UNITED STATES V. FAILING, NO. 10-3330-cr (2D CIR. FEB. 3, 2014) (KATZMANN, WESLEY, AND LOHIER) (SUMMARY ORDER), AVAILABLE HERE
In this case, the defendant was convicted after trial of conspiracy to possess methamphetamine with intent to distribute. He received 77 months’ custody. On appeal he challenged the district court’s admission of out-of-court statements by a co-conspirator pursuant to Federal Rule of Evidence 801(d)(2)(E) and argued that their admission violated his Confrontation Clause and due process rights. He also challenged his sentence as procedurally and substantively unreasonable claiming that the district court refused to consider arguments regarding his methamphetamine addiction. All of these claims failed.

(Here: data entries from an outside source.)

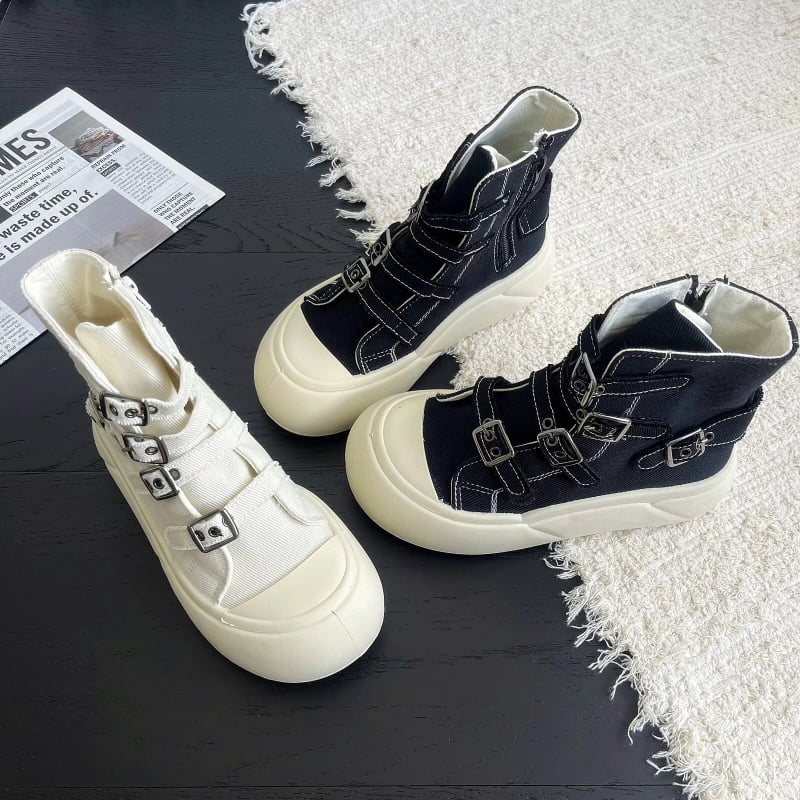 Auduma zābaki ar biezu gumijas zoli, augsts kājs, Velcro aizdare, sievietēm rudens apavi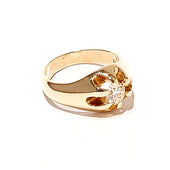 14ct Yellow Gold 0.73ct Diamond Men's Ring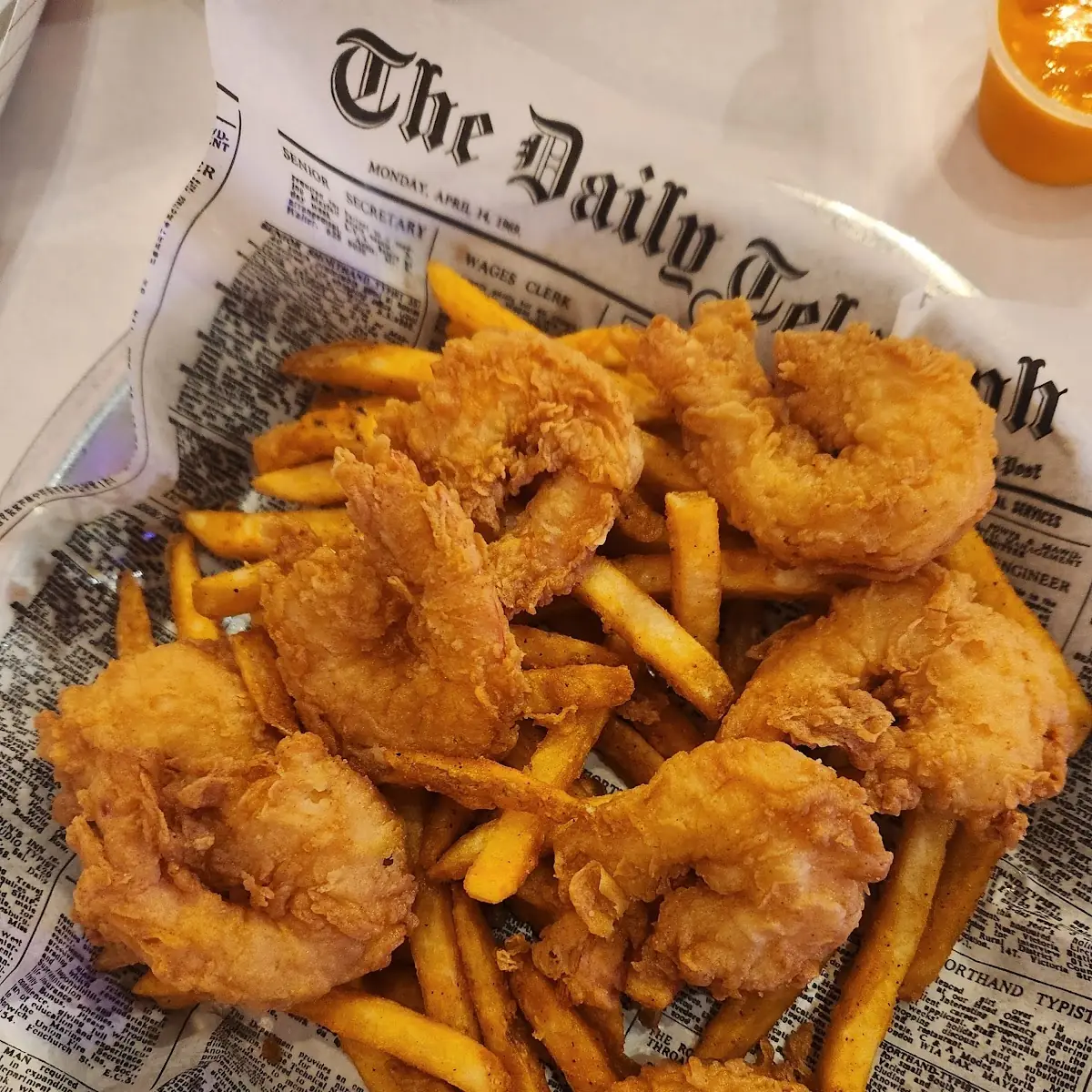 Fried Shrimp Basket 8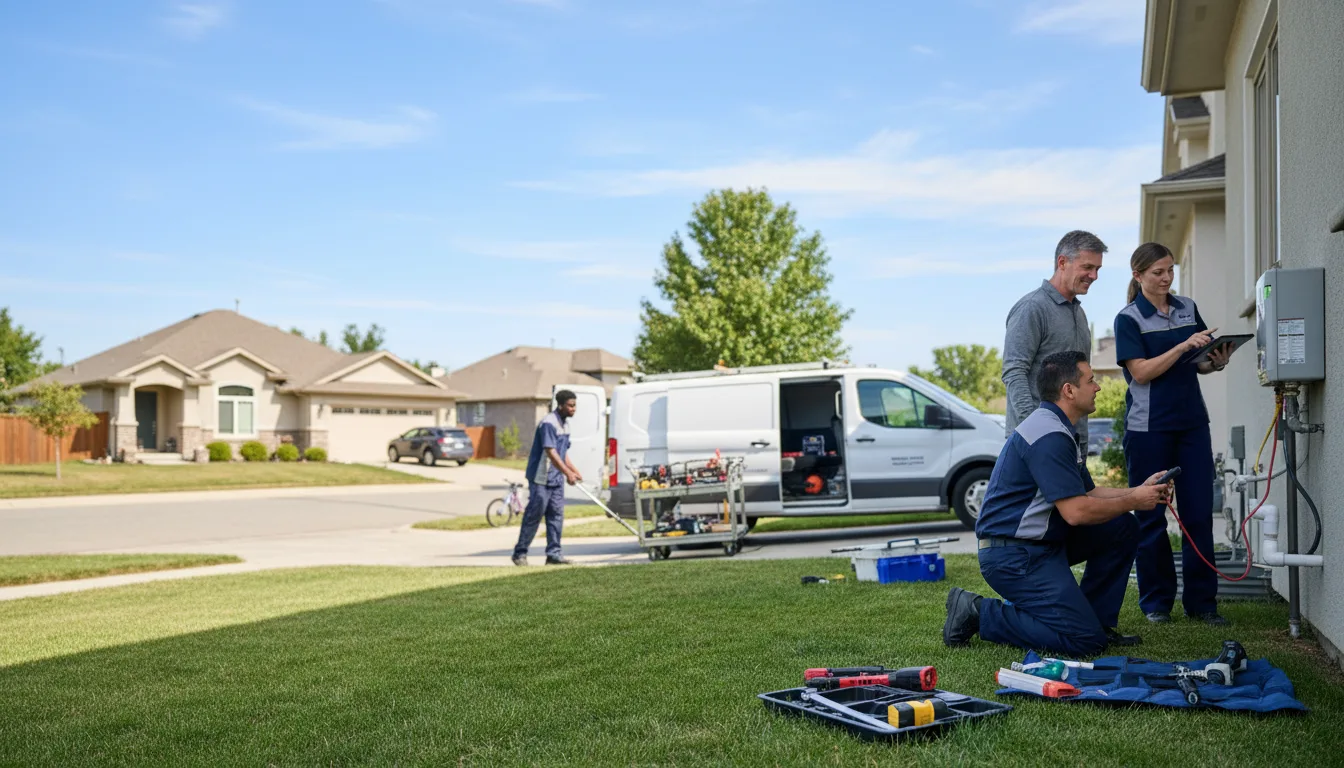 Tankless water heater service in Robbins, NC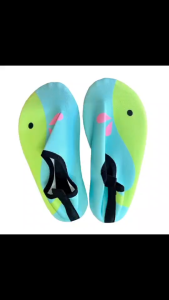 Dry Super รองเท้าเดินชายหาดเด็ก ปลาดาว-เหลือง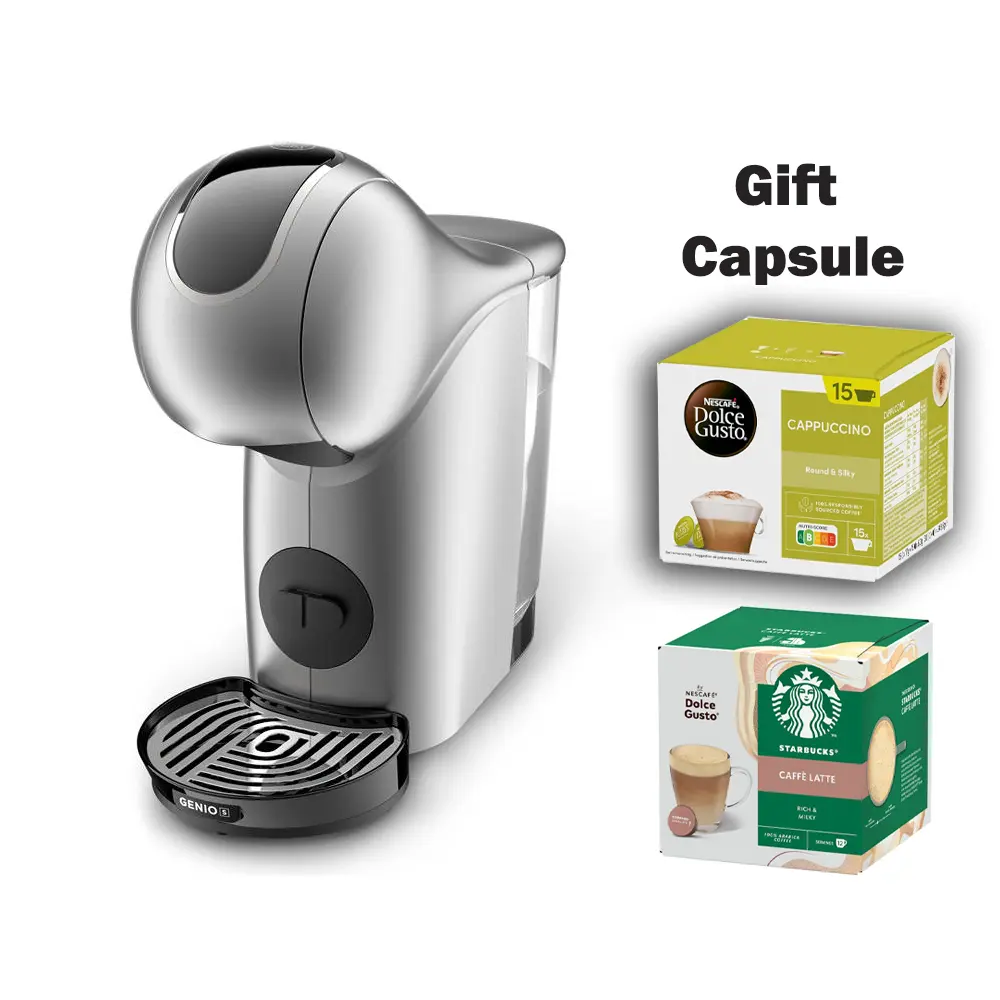 Nescafe Krups Dolce Gusto Genio S Touch Coffee Machine with Starbucks Caffe Latte and Cappuccino Capsule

First, no error occurred as a result of admitting the co-conspirator’s statements. To be admissible pursuant to Rule 801(d)(2)(E), the district court must find by a preponderance of evidence that the statement was made in furtherance of the conspiracy. The district court did not err by admitting the statements, which according to the Court reassured co-conspirators, induced their assistance, fostered trust and cohesiveness, or provided information about the conspiracy’s progress.
Second, no Confrontation Clause or due process violations occurred as a result of the statements being admitted at trial. Relying on United States v. Farhane, 634 F.3d 127, 163 (2d Cir. 2011), the Court explained that a statement is or is not “testimonial” by examining “the declarant‘s awareness or expectation that his or her statements may later be used at a trial.” (emphasis added). In Failing’s case, the co-conspirator who uttered the statements did not know that he was speaking to a government agent and, thus, was unaware that his statements might later be used at trial. The Court also disagreed with suggestions that the admissibility of such non-testimonial statements should be subject to a balancing analysis and noted the lack of authority in this regard.
Finally, the record indicated that the district court in fact acknowledged and considered the defendant’s methamphetamine addiction in imposing sentence, which was within the range of permissible decisions in this case.